Ele pegou a caixa por fim, segurando-a com uma delicadeza quase… desconcertada.
— Obrigado, Clarice — disse, olhando diretamente para ela.
O peso daquele “obrigado” não era comum.
Vinha carregado de algo profundo demais para ser só educação.
Depois ele se aproximou da cama, baixando a voz:
— Está tudo bem?
A pergunta atravessou Clarice como uma lâmina suave.
Não era um “está tudo bem?” automático.
Era um eu vi que você não estava bem, me diga a verdade.
Ela respirou fundo.
— Só… um pouco cansada.
Oliver a estudou de novo, como sempre fazia.
Como se pudesse enxergar até o que ela não dizia.
— Se alguém te incomodar, Clarice… você me fala — ele disse. — Qualquer pessoa. Qualquer coisa.

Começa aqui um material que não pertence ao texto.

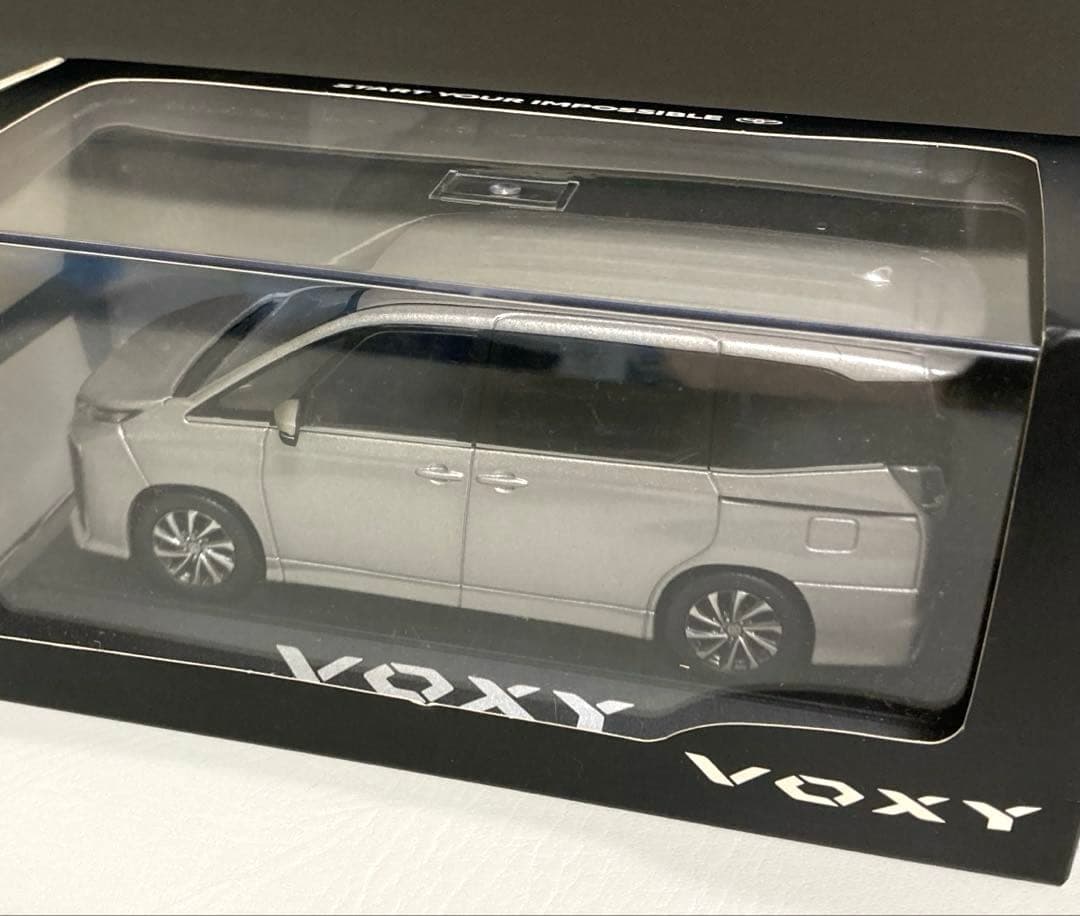 トヨタ　ヴォクシー VOXY メタルストリームメタリック　1/30 ミニカー
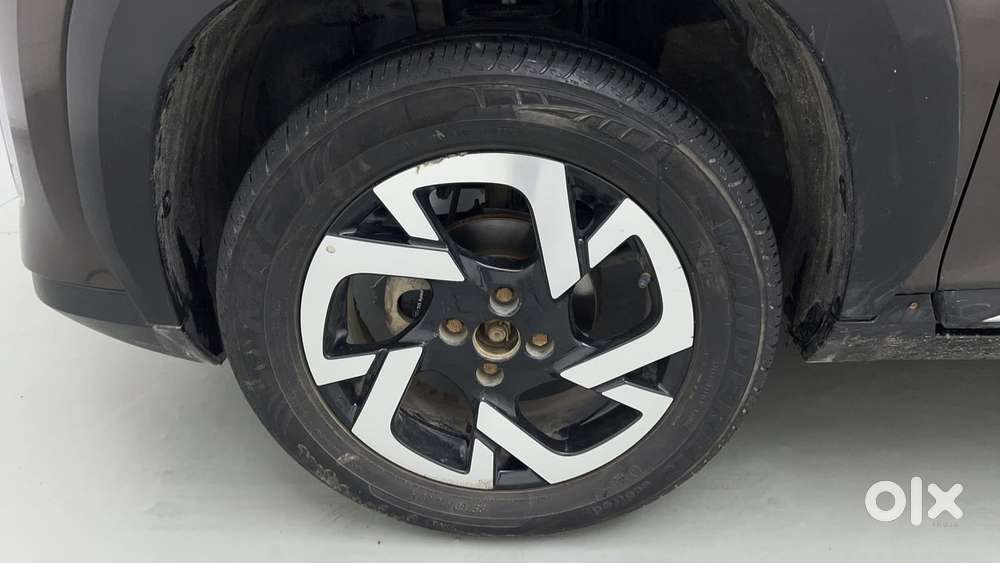 Nissan Magnite Xv Turbo, 2022, Petrol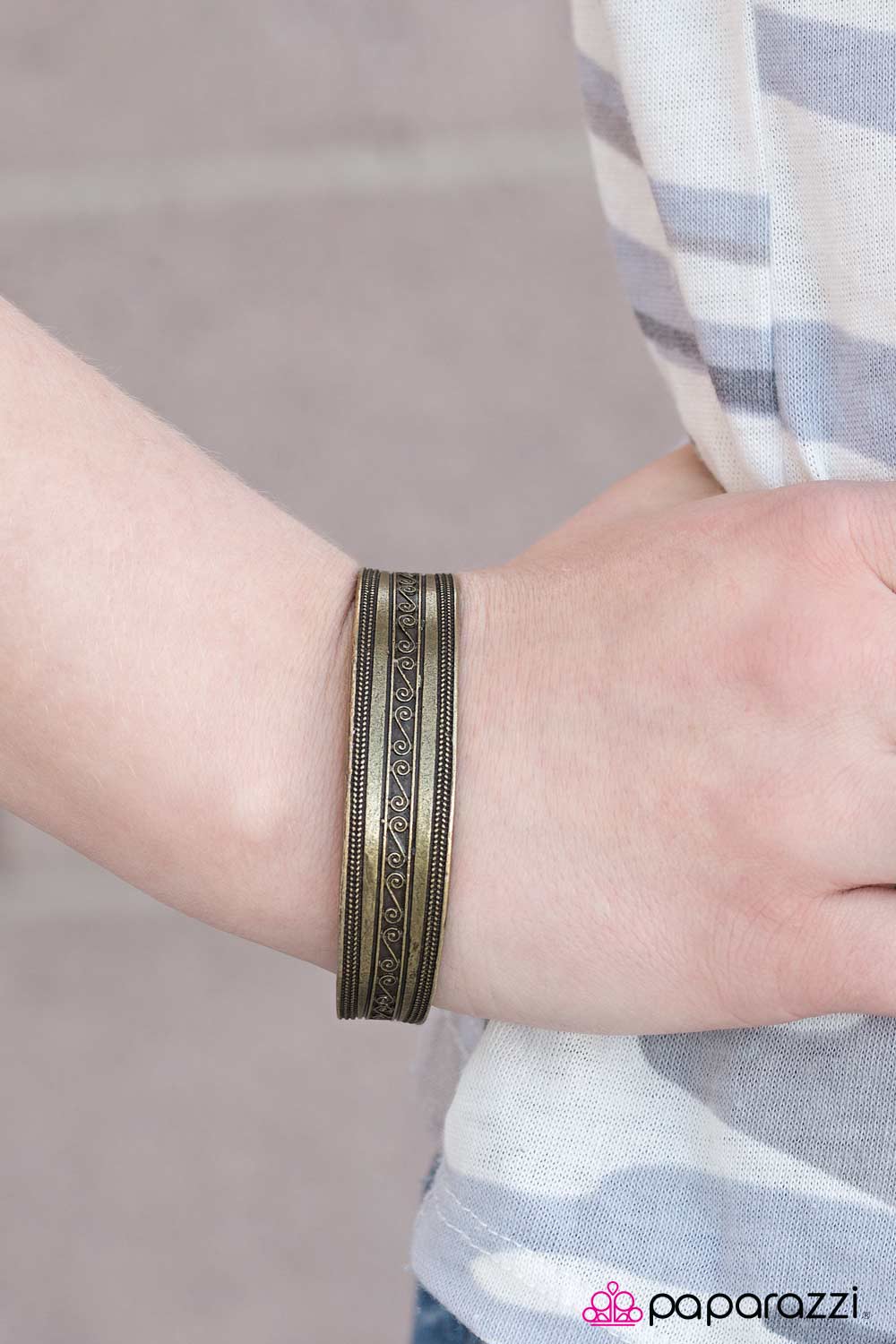 Paparazzi Bracelet ~ My Oh MAYAN - Brass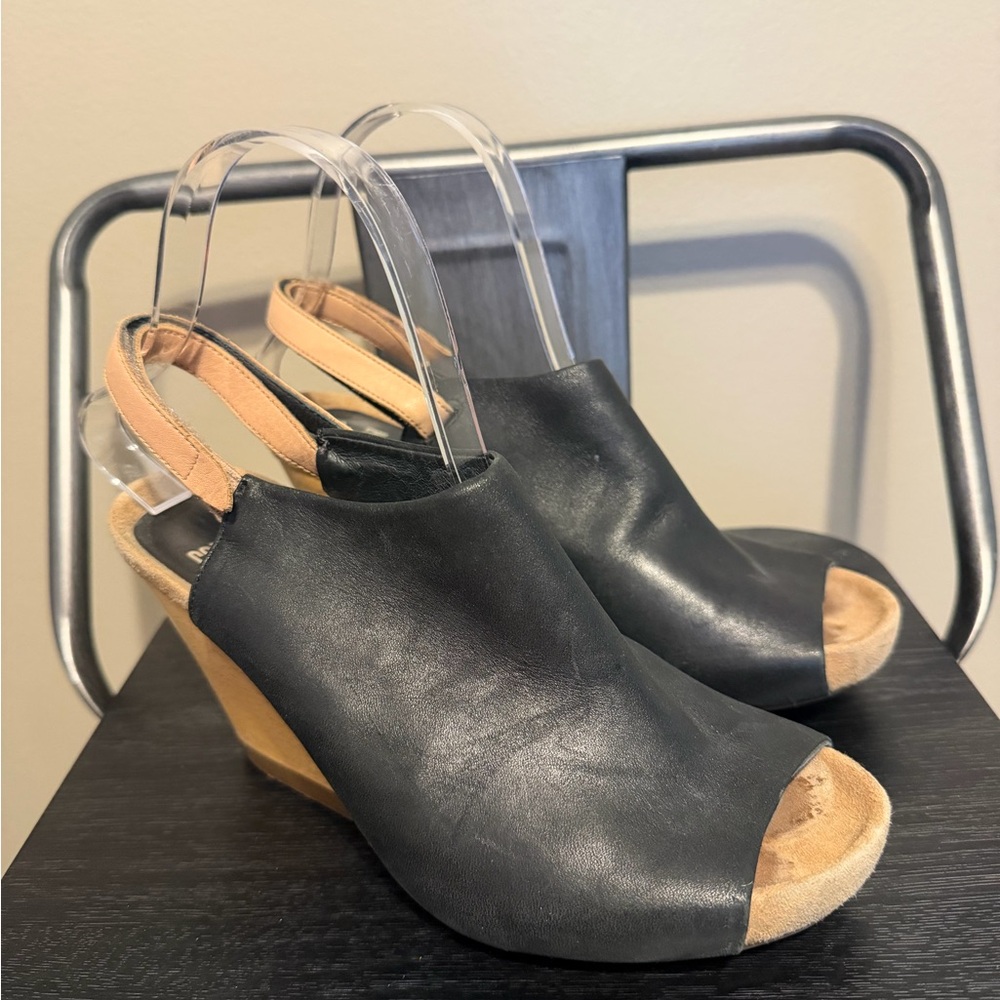 Camper Black Leather Slingback Wood Block Heel Sandals EU 37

A forma como ele disse aquilo fez seu coração disparar.
Calma.
Profunda.
Promissora.
Ela assentiu, sentindo um calor subir pelo peito.
— Eu falo — respondeu baixinho.
Oliver segurou a caixa junto ao corpo e deu um passo para trás, mas não tirou os olhos dela.
— Eu volto depois para ver como você está — ele disse.
E antes de sair, acrescentou num tom tão suave que parecia proibido:
— E obrigada pelos chocolates , prometo te dar uma caixa quando puder.
A porta se fechou devagar.
E Clarice ficou ali, com o coração batendo rápido demais.
De um jeito que nenhum dos dois ousava admitir.